(DATA TO EXAMINE begins)

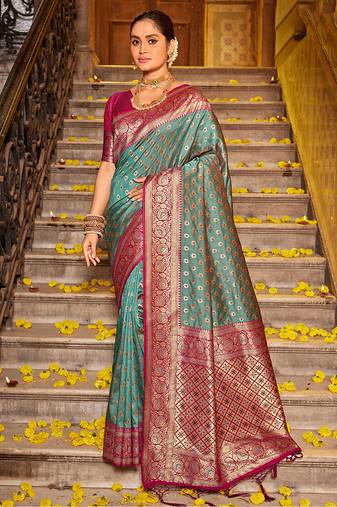 Teal blue banarasi silk blend saree with magenta zari border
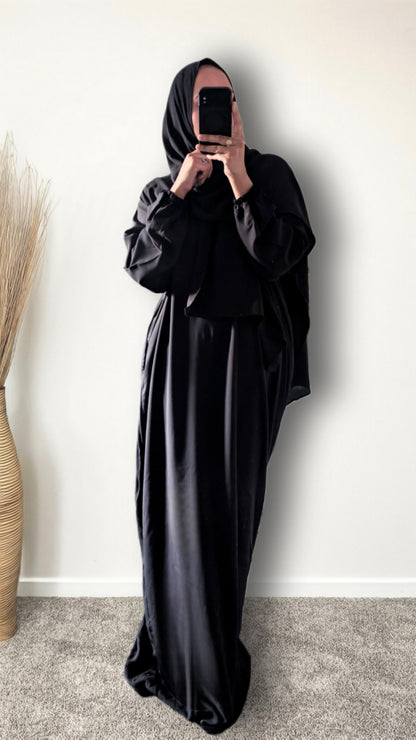 A person wearing a full black modest outfit with a long flowing abaya and matching head covering, taking a mirror selfie against a plain light wall.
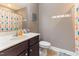 Well-lit bathroom with dark wood cabinets and neutral paint at 767 Omaha Dr, Broadway, NC 27505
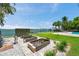 Lovely backyard garden area with raised planting beds overlooking the canal and private dock at 7115 Bay St, St Pete Beach, FL 33706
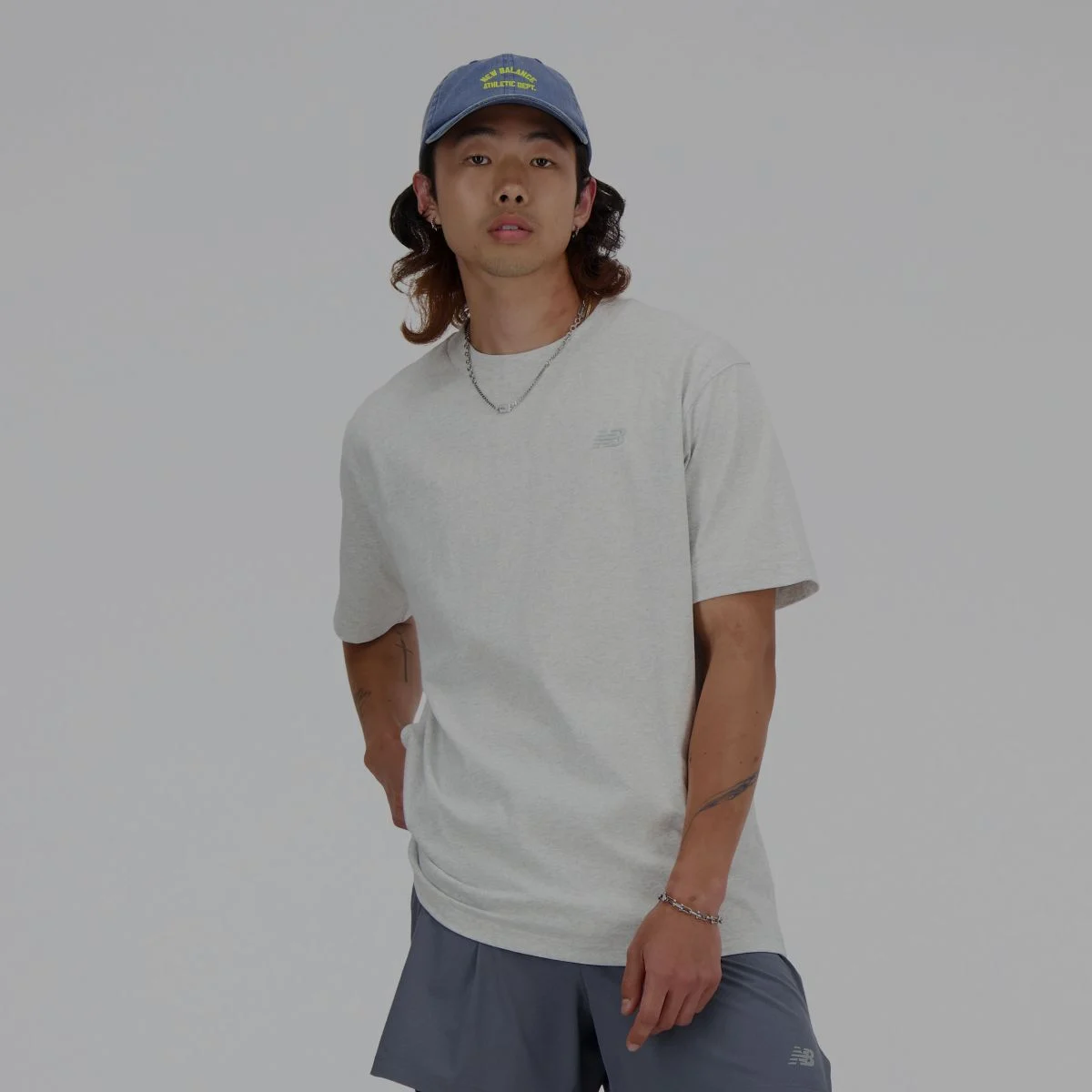 Un homme en t-shirt gris New Balance.
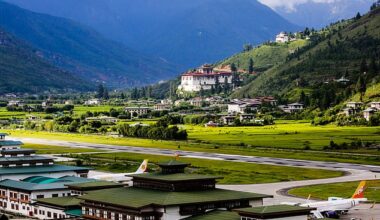 Paro Airport , in Bhutan, is completely surrounded by the Himalayas and, when landing, planes have to dive through narrow valleys with no radar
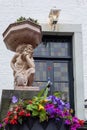 Vertical shot of a door with a statue at De Berkt Castle in the city of Baarlo in The Netherlands Royalty Free Stock Photo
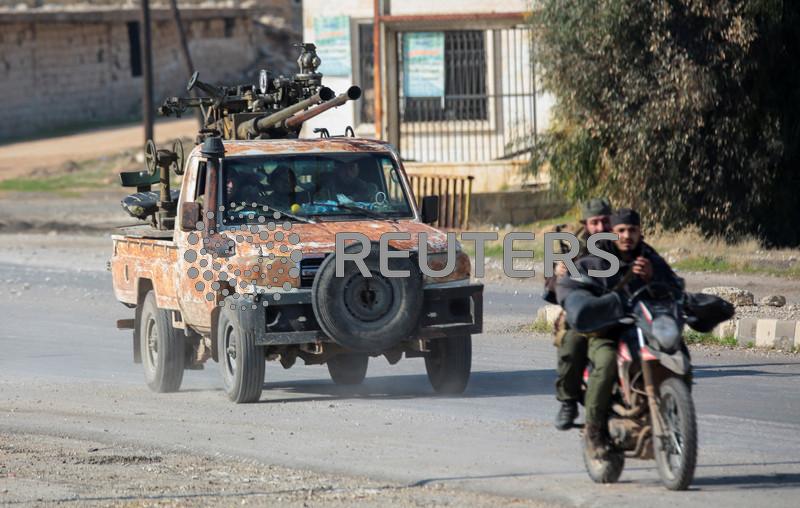 As Syrian rebels sweep into Aleppo, army closes airport and roads, sources say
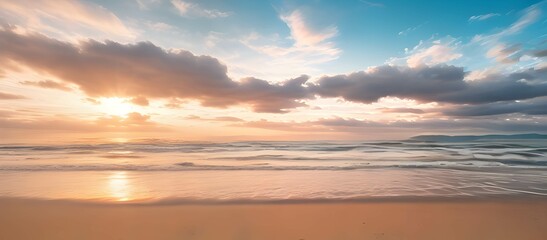 Wall Mural - 青空とオレンジ色の夕焼けがグラデーションするビーチの美しい風景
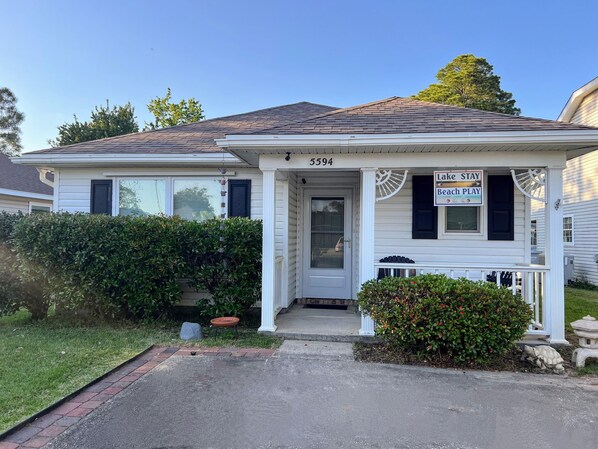 Front of house with parking space for four cars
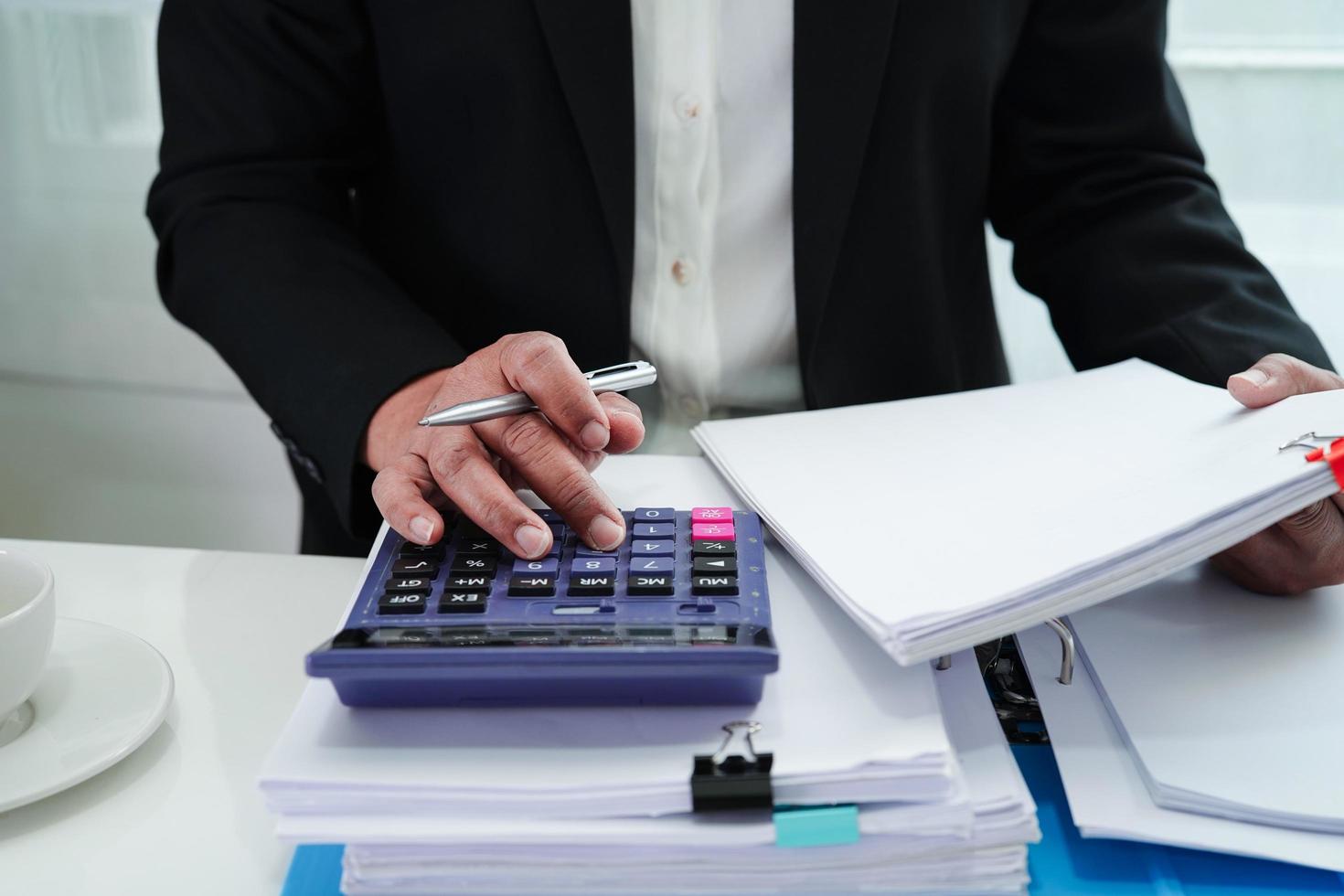 Business woman busy working with documents in office. photo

(DATA TO EXAMINE ends)

WHAT TO PRODUCE: Without including any picture, retype the entries exactly.

OUTPUT BELOW:
 Teal blue banarasi silk blend saree with magenta zari border
 A person wearing a full black modest outfit with a long flowing abaya and matching head covering, taking a mirror selfie against a plain light wall.
 Well-lit bathroom with dark wood cabinets and neutral paint at 767 Omaha Dr, Broadway, NC 27505
 Lovely backyard garden area with raised planting beds overlooking the canal and private dock at 7115 Bay St, St Pete Beach, FL 33706
 Un homme en t-shirt gris New Balance.
 Paro Airport , in Bhutan, is completely surrounded by the Himalayas and, when landing, planes have to dive through narrow valleys with no radar
 Vertical shot of a door with a statue at De Berkt Castle in the city of Baarlo in The Netherlands Royalty Free Stock Photo
 As Syrian rebels sweep into Aleppo, army closes airport and roads, sources say
 Wall Mural - 青空とオレンジ色の夕焼けがグラデーションするビーチの美しい風景
 Front of house with parking space for four cars
 Business woman busy working with documents in office. photo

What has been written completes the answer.